The first alarm was sent in from Box Number 289 on the corner of Greene Street and Washington Place, just one block East of Washington Square Park. It was just 4:40 p.m. The fire at that moment was less than five minutes old. The alarm sounded at Company #18 on 12th street.
As Fire Chief Worth arrived, firemen were leading their horses and pumpers through the rain of bodies into position. Chief Worth immediately sent in a second alarm. It was 4:48 p.m. As soon as the pumper and ladder units were in position, firemen disconnected the horses and led them to the safety of Washington Square Park, where they could be watered and calmed down.
Immediately upon their arrival fireman from Company 18 began to fight their way up the stairs against the stream of frantic civilians, pouring down. The firemen found fire on the 8th floor, and per their training, they stopped there to fight it. To have gone higher would have put them above the fire, a suicidal position in a building blaze.

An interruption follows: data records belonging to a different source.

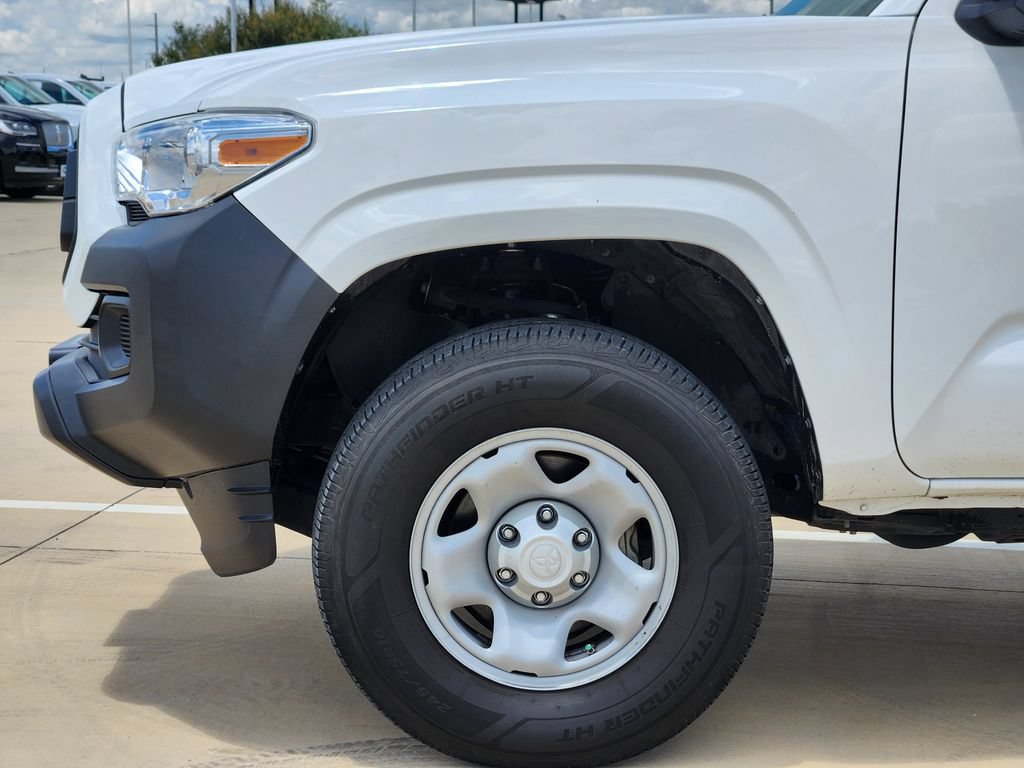 Used 2022 Toyota Tacoma SR RWD image 9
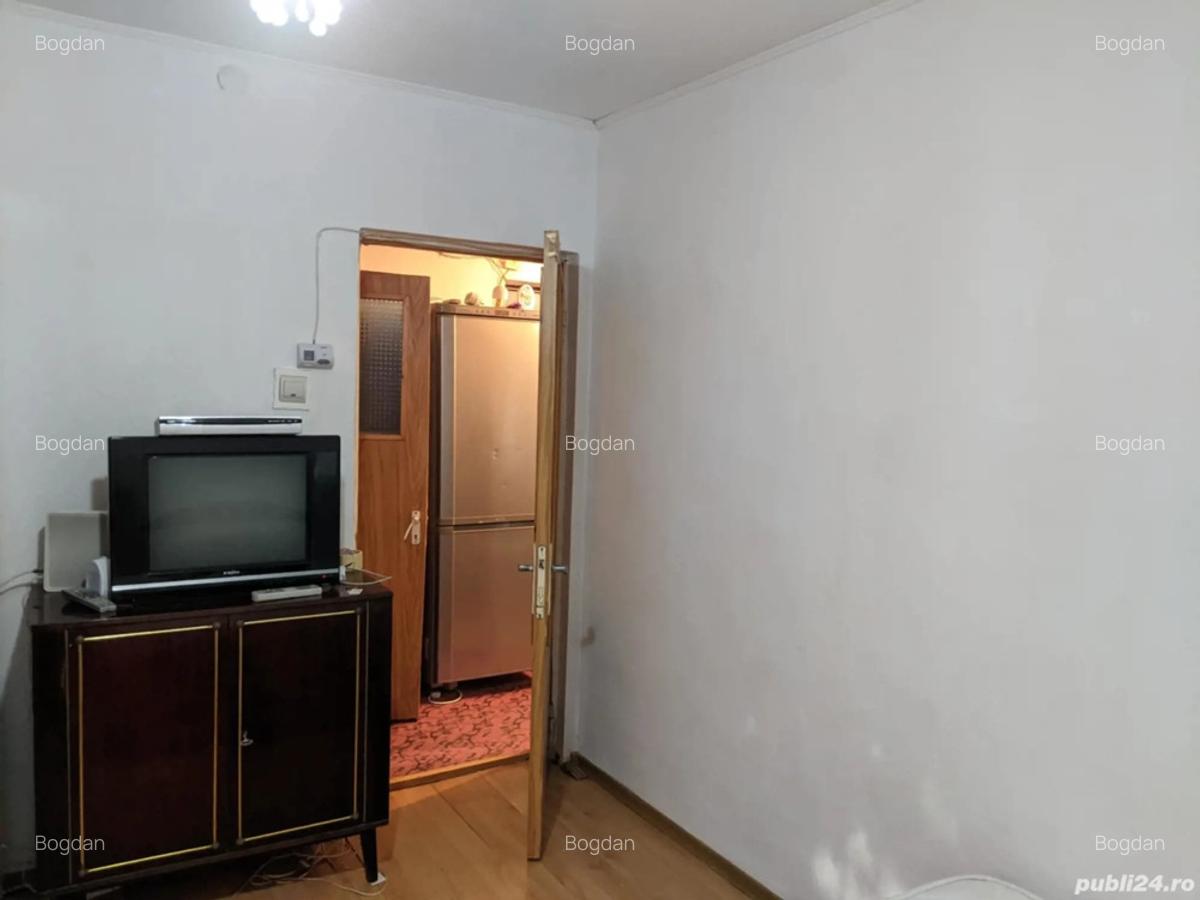 Camera de inchiriat in apartament 2 cam. - 2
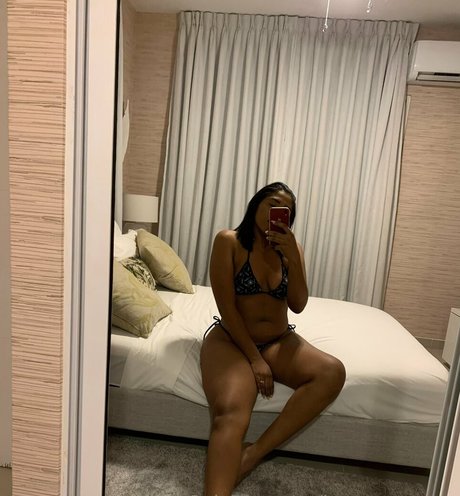 jezsweetcocoa model perfect pic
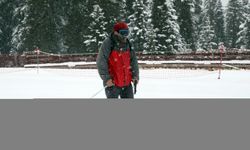 Ilgaz Yurduntepe Kayak Merkezi'nde mart ayında kayak yapılıyor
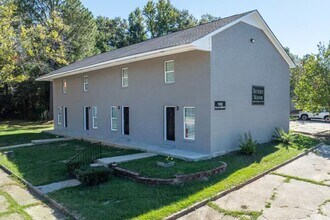 Building Photo - 102 Ellis Dr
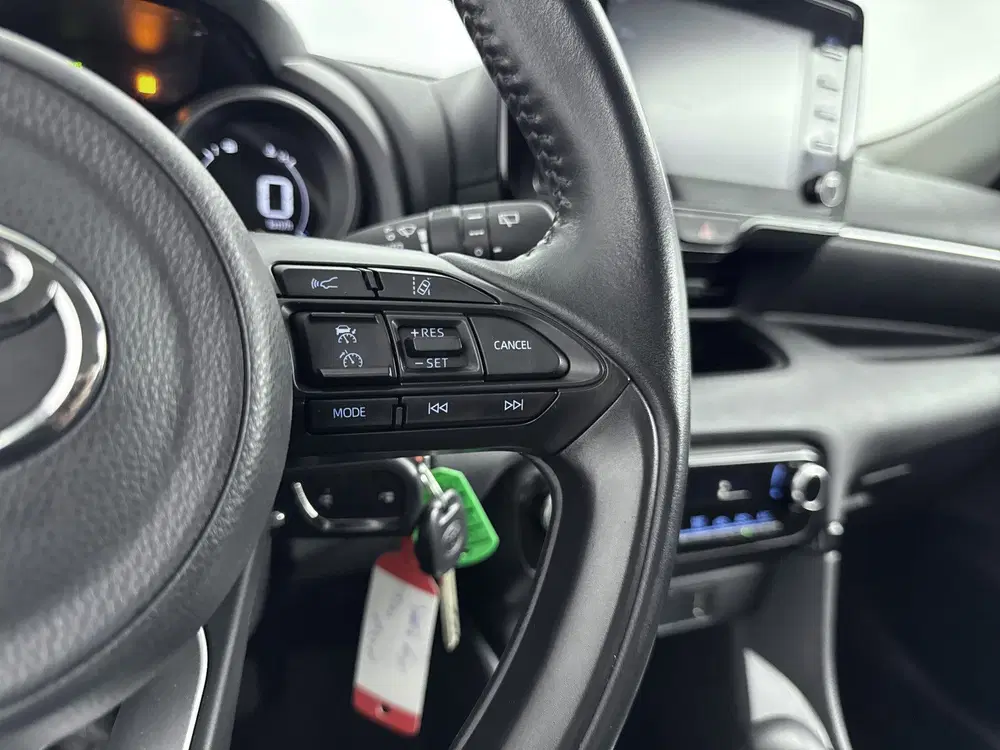 Toyota Yaris 1.5 Hybrid 115 First Edition uit 2022, foto 14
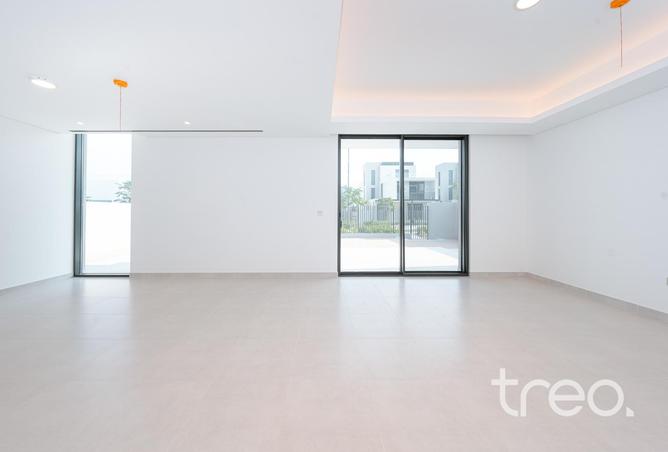 56129377 - Property Image 2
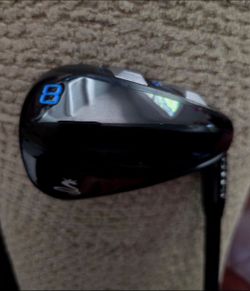 Cobra T-Rail Hybrid Iron #8 in Excellent Condition!!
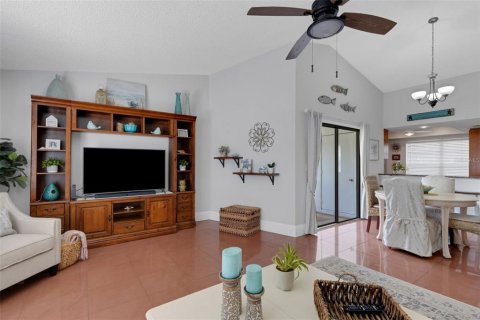 House in Oldsmar, Florida 2 bedrooms, 120.4 sq.m. № 1899040 - photo 9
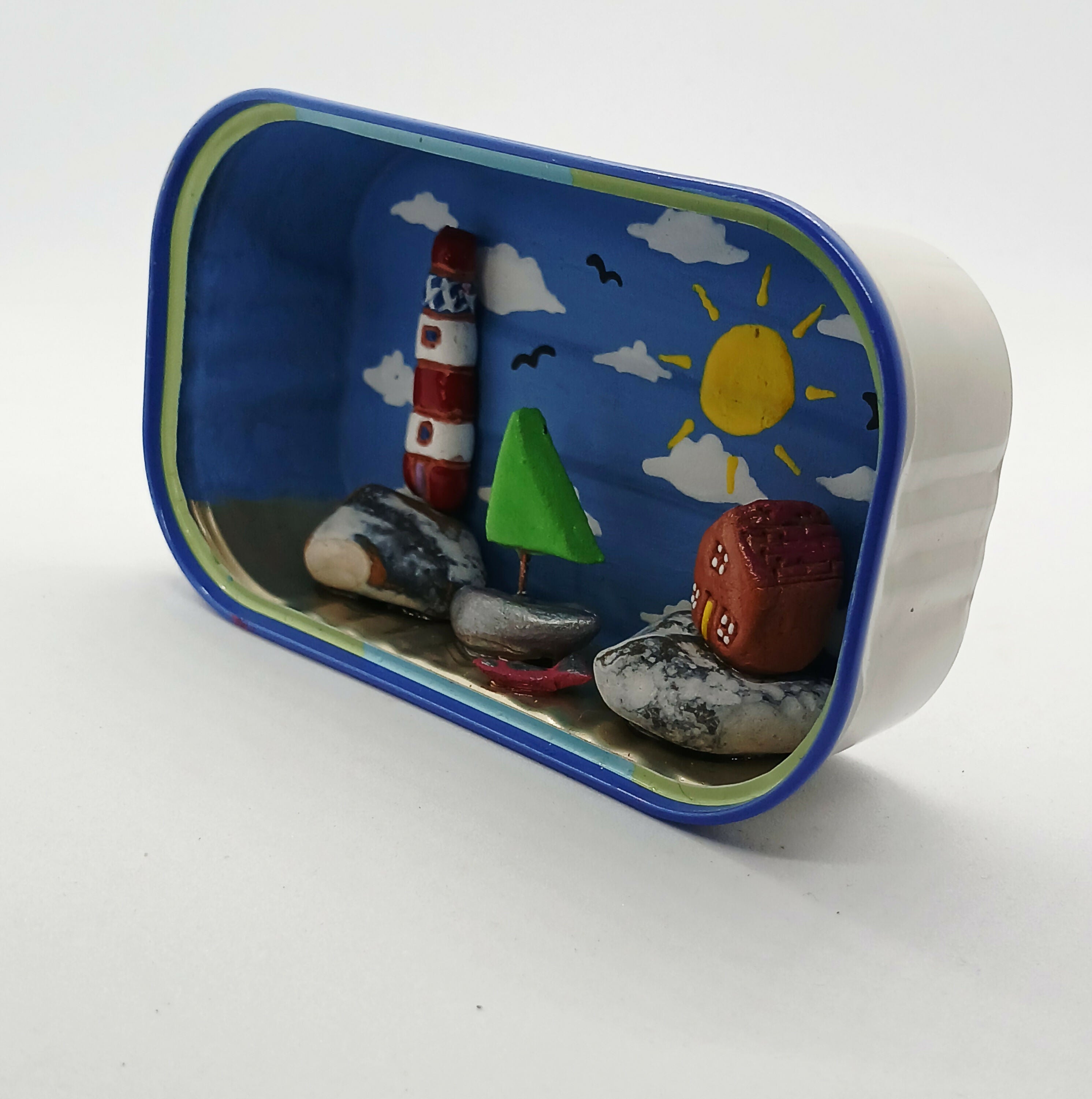 Clay Coastal Scene Diorama Tin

But just one floor above them, the fast majority of victims were dieing, some leaping to their deaths as the flames began to engulf their clothing.

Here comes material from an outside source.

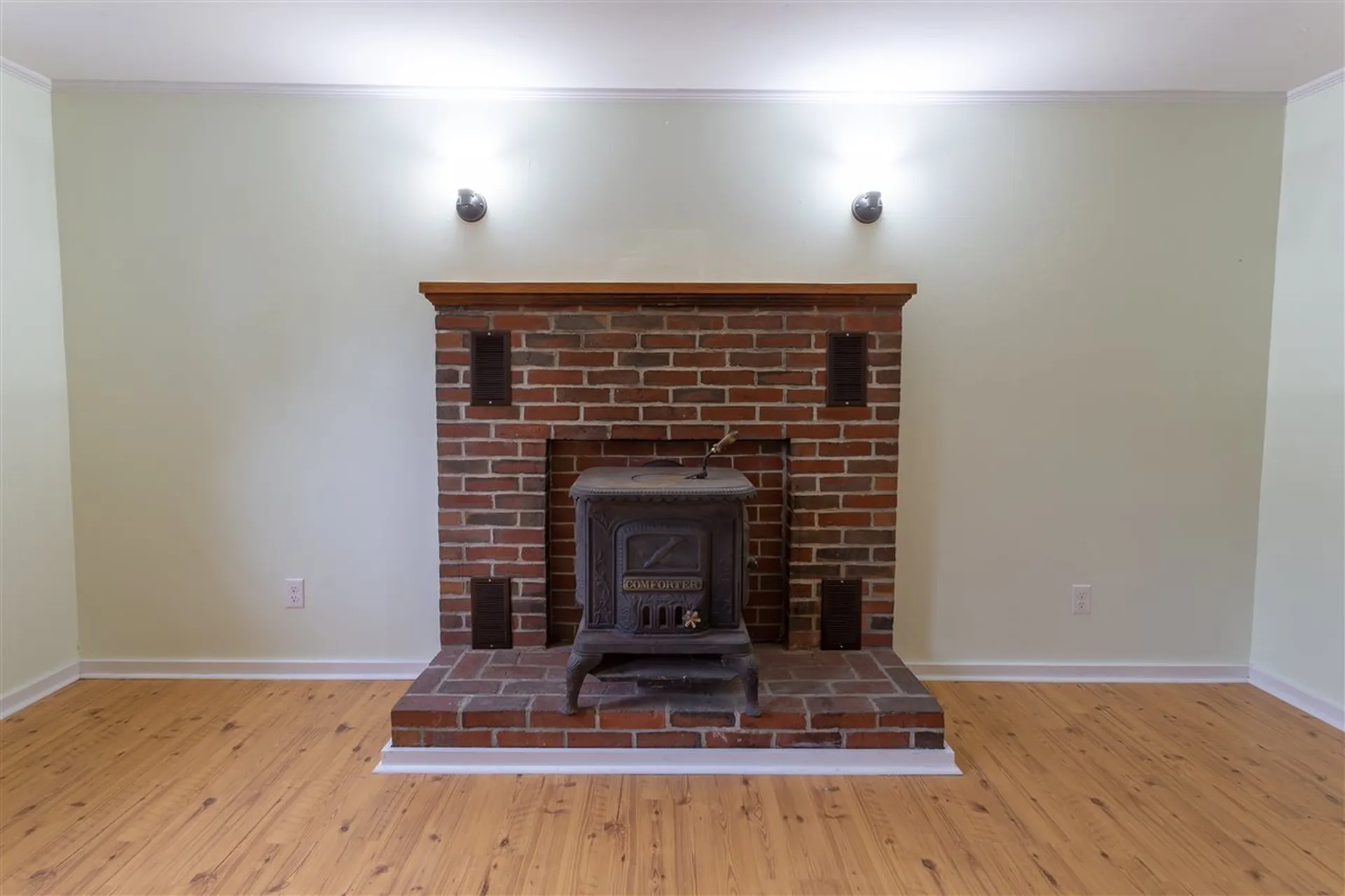 84 Drake Hill Road Strafford NH 03884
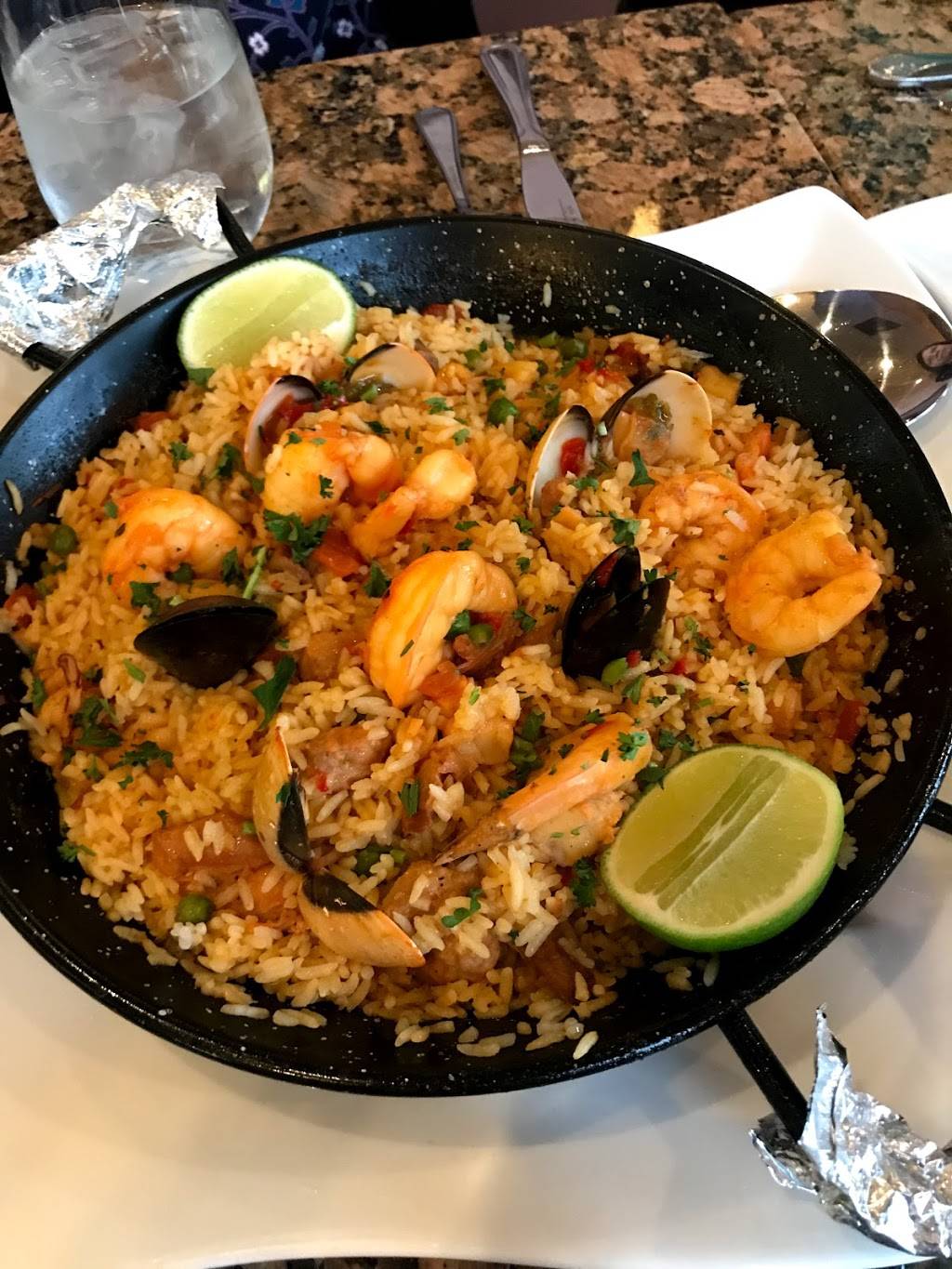 Don Quijote Tapas Bar & Grill | restaurant | 4695 Dressler Rd NW, Canton, OH 44718, USA | 2342140915 OR +1 234-214-0915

Outside, the ladder companies began to crank their extensions toward the huddled victims on the ninth floor ledges. But the ladders only reached to the seventh floor. The streams of water from the high pressure hoses, even with the aid of pumpers, could only manage to reach the sixth floor. The desperate women and girls, with the flames licking at their backs, and seeing salvation fall two stories short, stepped into space and dropped to their deaths. Some waited too long and fell like flaming meteors.

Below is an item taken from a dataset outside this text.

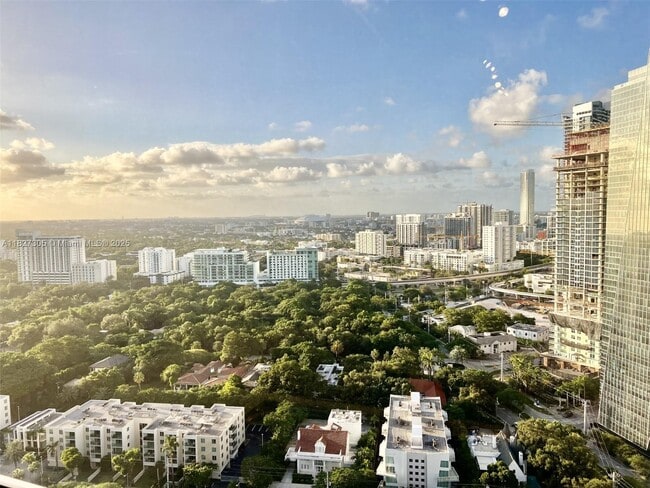 Building Photo - 1541 Brickell Ave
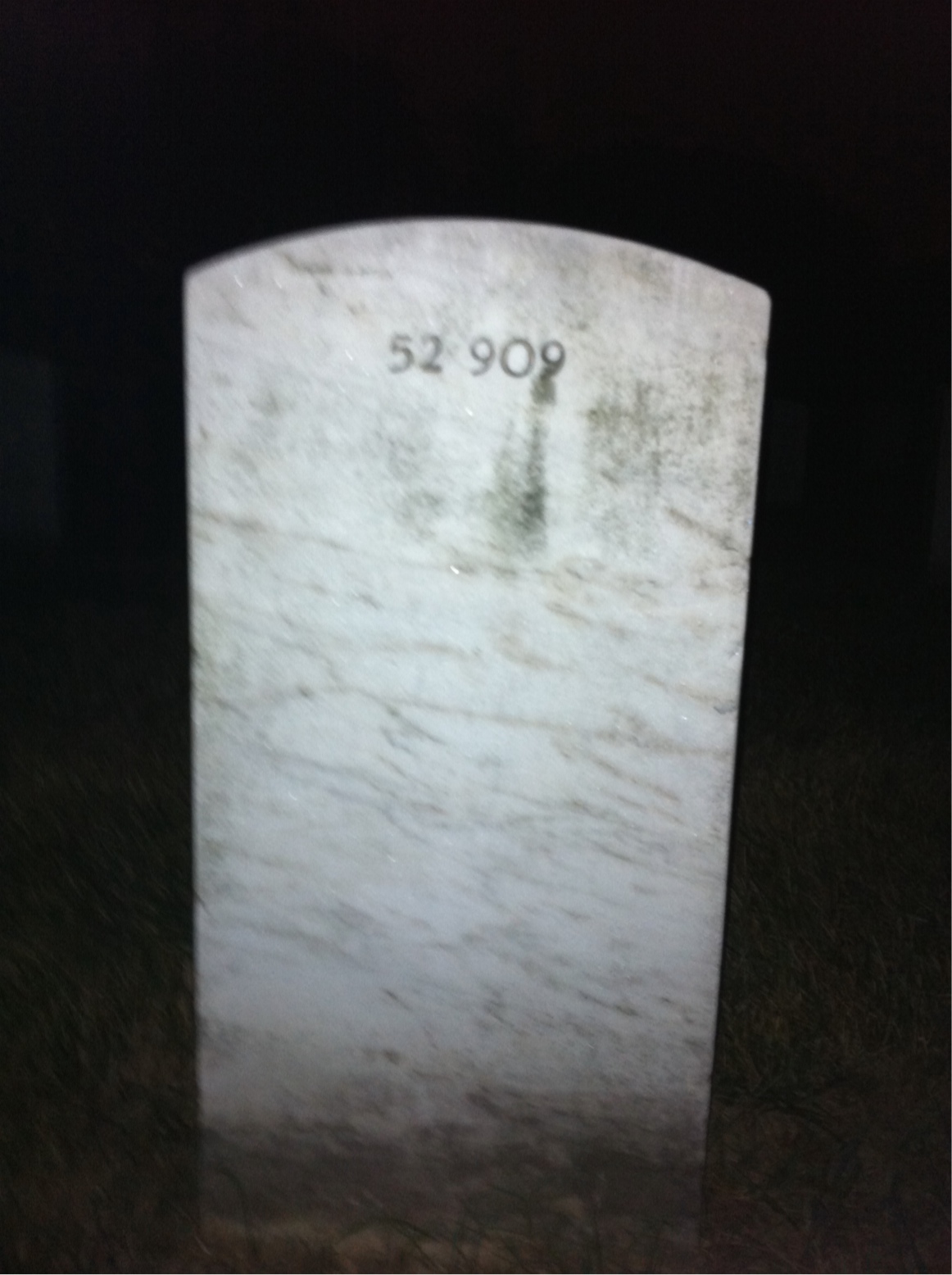 Headstone of Leighton E Hughes Sr.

The corpses were pilling up on the street like discarded dolls. Some were so badly burned it was impossible to tell if they were male or female. Some were so broken by the fall that they could be gathered into bushel baskets and carted away.
In that brief span of time the fire had killed 141 people, most of them seamstress for the Triangle Shirtwaist Company. The fireproof building, true to its name, did not burn. Only the furniture and the people inside it did. The building still stands today.
It was a day in American history when everything went right. It was a day when 141 people died in less than 30 minutes. It was a day so piled with irony, it could have been fuel for the fire.